Work request
The lines below, from the one containing "内疫情高风险地区最新/囯内疫情风险等级" through the one containing "ท 3 กำหนดความสมพนธระหวาง", should be set down exactly, with no pictures and nothing else.

Exercise data
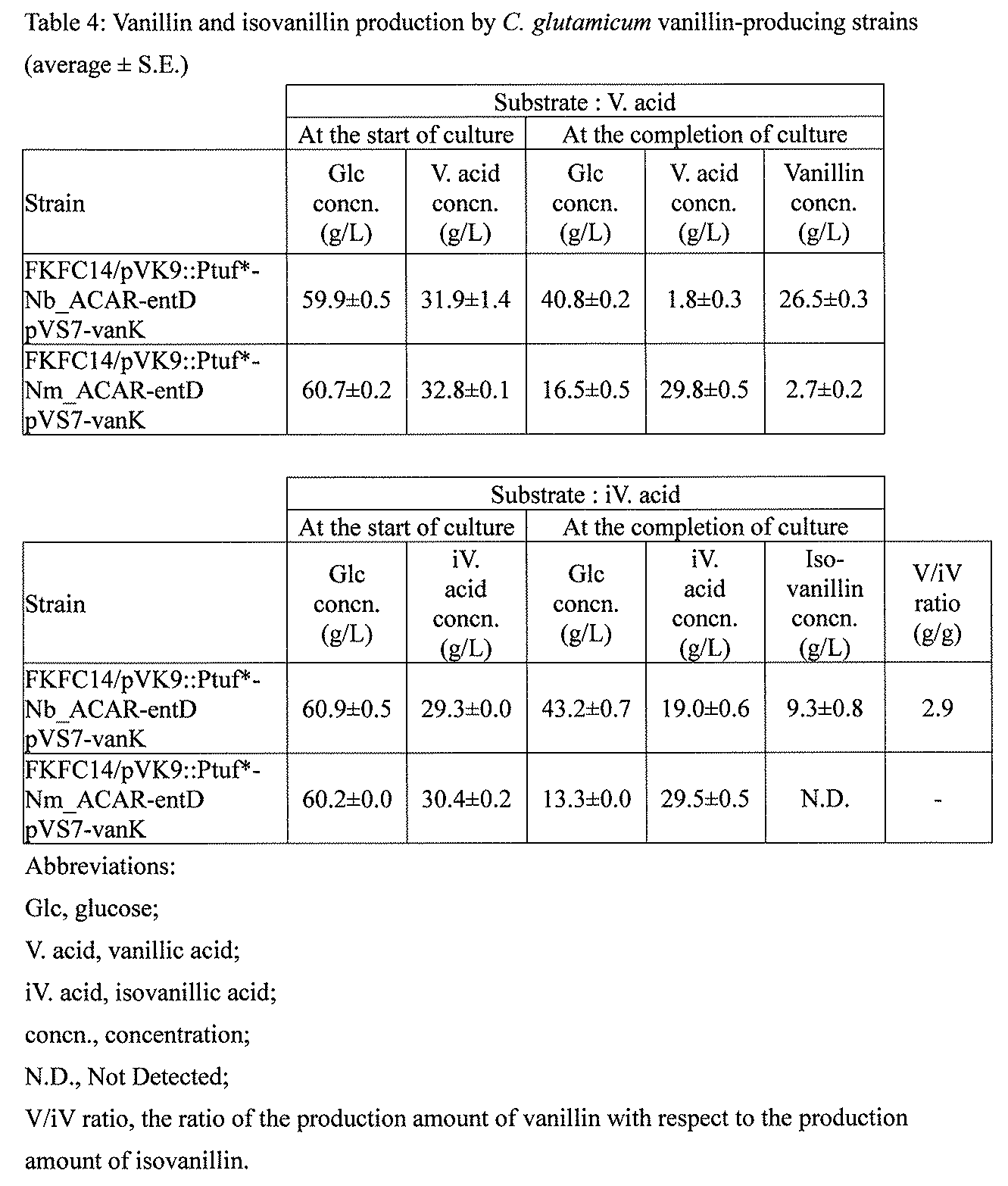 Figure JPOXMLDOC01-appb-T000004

==

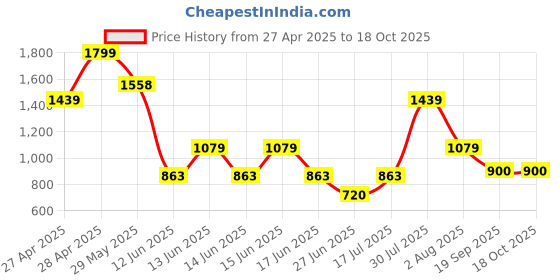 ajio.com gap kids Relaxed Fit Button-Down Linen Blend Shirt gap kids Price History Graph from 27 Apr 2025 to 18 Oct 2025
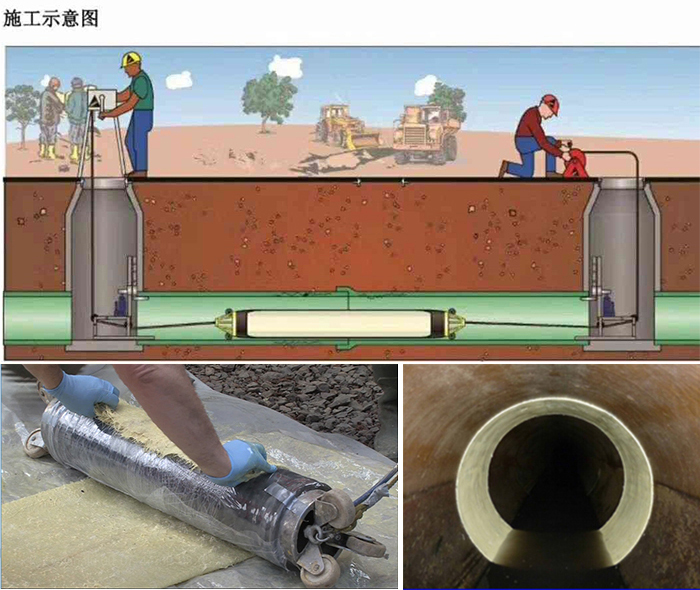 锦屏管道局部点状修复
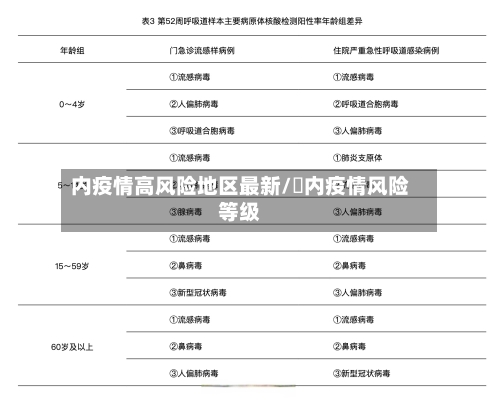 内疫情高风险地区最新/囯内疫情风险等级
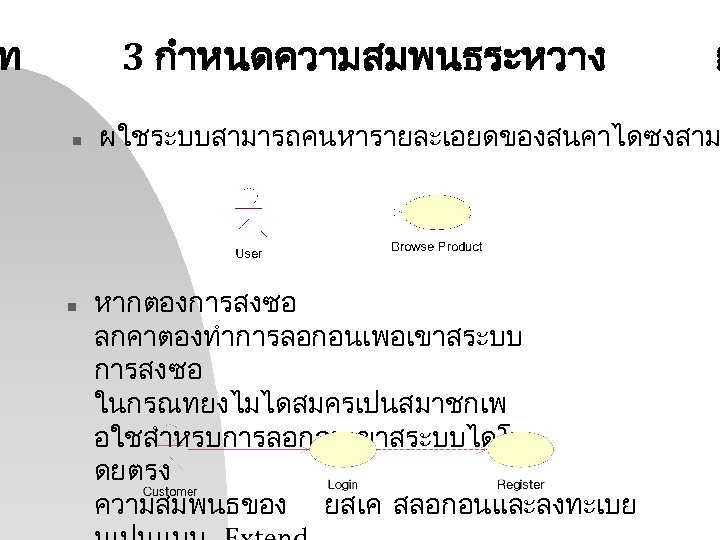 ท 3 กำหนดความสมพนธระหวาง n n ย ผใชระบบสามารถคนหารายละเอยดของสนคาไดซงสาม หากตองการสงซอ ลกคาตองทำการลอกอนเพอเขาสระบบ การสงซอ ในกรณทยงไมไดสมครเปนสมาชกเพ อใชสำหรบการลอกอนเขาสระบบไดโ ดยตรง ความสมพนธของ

Reply to the task
 内疫情高风险地区最新/囯内疫情风险等级
 ท 3 กำหนดความสมพนธระหวาง n n ย ผใชระบบสามารถคนหารายละเอยดของสนคาไดซงสาม หากตองการสงซอ ลกคาตองทำการลอกอนเพอเขาสระบบ การสงซอ ในกรณทยงไมไดสมครเปนสมาชกเพ อใชสำหรบการลอกอนเขาสระบบไดโ ดยตรง ความสมพนธของ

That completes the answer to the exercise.